В «Фаустролле» Красильная Машина, механическое устройство, управляемое Анри Руссо, создаёт серию живых картин:
Красильная Машина, движимая изнутри системой невесомых пружин, повернулась, будто намагниченная стрелка, к железному залу Дворца Машин – единственному зданию, вздымавшемуся над обезлюдевшим и гладким, точно зеркало, Парижем […]. В обвитом ожерельями замкóв дворце, единственном, что искажало мертвенную гладь нового всемирного потопа, невесть откуда взявшийся зверь Клинамен исторг на стенки собственной вселенной…18
Девиации, порождаемые клинаменом, встречаются во всех областях патафизики. Они присутствуют в играх со словами Улипо и в мелких изменениях, составляющих суть «подправленных» реди-мейдов Дюшана. Они дали толчок концепции détournement ситуационистов, согласно которой произведение переделывается или реконтекстуализируется с целью породить смыслы, противоположные изначальному намерению автора. Когда кто‑то выполняет задание, но внезапно переключается на нечто совершенно несвязанное и не относящееся к делу – в этом отвлечении внимания тоже повинен клинамен! Отсюда финальный вывод патафизика о том, что наша вселенная управляется случаем, и потому произносимые нами слова, производимые нами вещи, наши деяния и суждения – всё это производные от необъяснимых отклонений. Наши слова и наши вещи всего лишь служат для демонстрации существования клинамена, поэтому merde (срань) становится merdre (срынью)19 по мере того, как его значение отклоняется к чему‑то иному.
Абсолют
«Клише – это доспехи Абсолюта», – провозгласил Жарри, и вся его деятельность может рассматриваться как попытка заново открыть концепцию трансцендентной реальности, восстановить аутентичность этой идеи, ставшей банальной благодаря религии, искусству и буржуазным условностям. Понятие Абсолюта было вновь введено в философию Гегелем, его объединяющая система сумела разрешить фундаментальные противоречия между субъектом и объектом, своим и иным, сознанием и духом, и так далее, с помощью синтеза таких противоположностей на более высоком уровне знания. Жарри, вероятно, были знакомы эти идеи по курсам Анри Бергсона, которые он посещал в первые годы своего обучения в лицее Генриха IV в Париже в 1891–1893 годах.

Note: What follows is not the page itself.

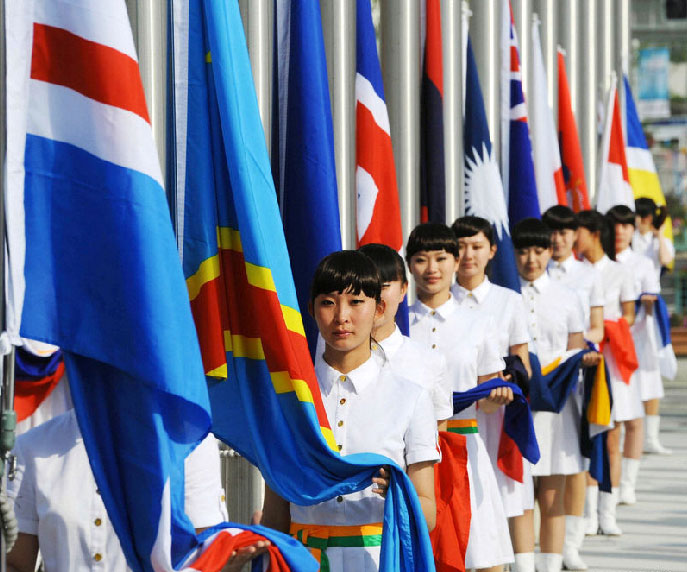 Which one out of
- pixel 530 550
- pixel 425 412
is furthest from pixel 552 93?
pixel 425 412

Хотя на этих лекциях Жарри был прилежен и внимателен, сделав «более 700 страниц» конспектов (Brotchie 2011, 29), он в то же время «был неспособен подходить к любой теме иначе как в духе иронии» (Gens d’Armes 1922), а следовательно, усваивал от этих занятий только то, что его интересовало или забавляло. Так, например, он с энтузиазмом воспринял и переосмыслил эпифеноменализм, «теорию, согласно которой сознание является не более чем случайным побочным эффектом процессов мозга» (Brotchie 2011, 31), несмотря на отрицание Бергсоном этой идеи, Бротчи связывает определение патафизики, данное Жарри, и, в частности, идею виртуальности с концепцией длительности Бергсона: неким чистым условием, при котором время (в отличие от пространства) неразделимо и «научно непознаваемо». Эта длительность состоит из «целиком качественной множественности, абсолютной разнородности элементов, проходящих друг через друга». Такая версия абсолюта стремится к свободе (поскольку каждое мгновение, по сути, уникально или исключительно) и отдаёт предпочтение субъективному опыту перед объективной реальностью. Как замечает Александр Ганн, сам Бергсон отнюдь не был гегельянцем: «Согласно Гегелю, Дух есть единственная истина Природы, согласно Бергсону, Жизнь – это единственная истина Материи, или по‑другому – в то время как для Гегеля истина Реальности в её идеальности, для Бергсона истина Реальности в её жизненности» (Gunn 2008).